Initially, Nelly and Young Marion are on totally equal footing, there’s an innocence and purity to their play together, spending much of their time in the woods, building a hut that Nelly had asked about earlier in the film. Later, when the relationship is clear, Sciamma uses the carefree feeling of these scenes to contrast with the older, clearly more fragile, Marion (Nina Meurisse), for instance, it doesn’t seem like the silly, playful, way that the girls make pancakes for Marion’s eighth birthday party is something Nelly will have done with the older version of her mother.

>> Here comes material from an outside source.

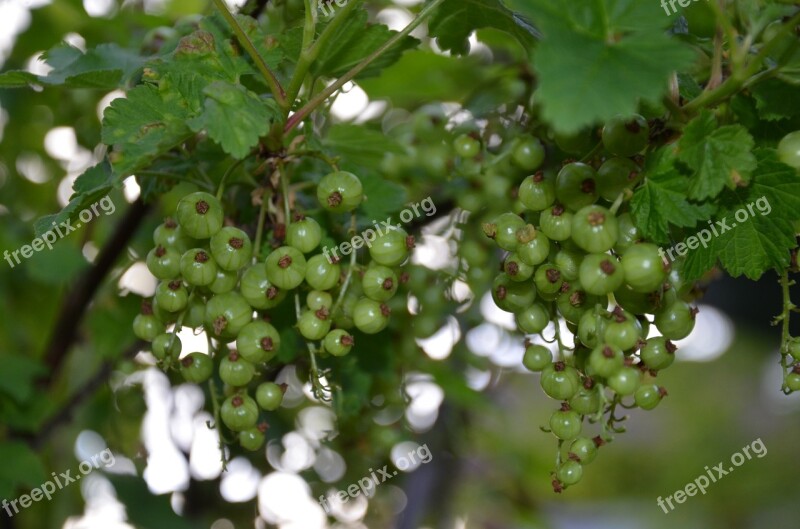 Currants Green Bush Backlighting Close Up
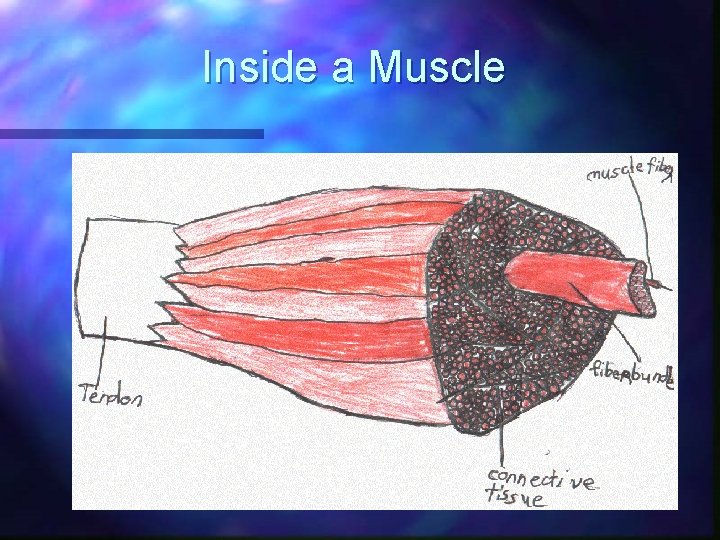 Inside a Muscle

In the present day scenes, there are some beautiful observations of how much Nelly cares for her mother; feeding her crisps and hugging her from the back seat as they drive away from the home where Marion’s mother passed away. It’s something that, while present day Marion clearly loves her daughter, the younger version seems more able to express. There is so much to be said about how delicately and how beautifully Sciamma and her young stars paint this relationship, but perhaps the simplest moments are the most moving, like the image of 8-year-old Marion, blowing out her birthday candles as she looks between her mother and her future daughter. It’s a gorgeous, truly magical, family portrait that sums up the film's magical realism perfectly.
Celine Sciamma is one of the truly great filmmakers working today, and Petite Maman is another gem. Thanks to cinematographer Claire Mathon, who also shot Portrait of a Lady on Fire for Sciamma, this is a beautiful film. The scenes between the young Marion and Nelly have a golden autumn feel, while the scenes back at the present day house emphasise the emptiness, especially after present day Marion takes off, leaving Nelly with her Dad. The dialogue doesn’t always sound like 8-year-olds talking, but some of the most childlike moments are the film’s most indelible, like Nelly wanting to go to sleep “to get to tomorrow”, which leads immediately to one of my favourite cuts in any recent film, carrying that idea through directly. In 72 minutes, Sciamma manages to convey great depth and nuance, to fully explore this mother/daughter relationship, but do so with disarming simplicity.
I think I need to see it again (and again) to appreciate all of its layers properly, but this is clearly one of the very best films of 2021 and yet another landmark in Sciamma’s thus far flawless career.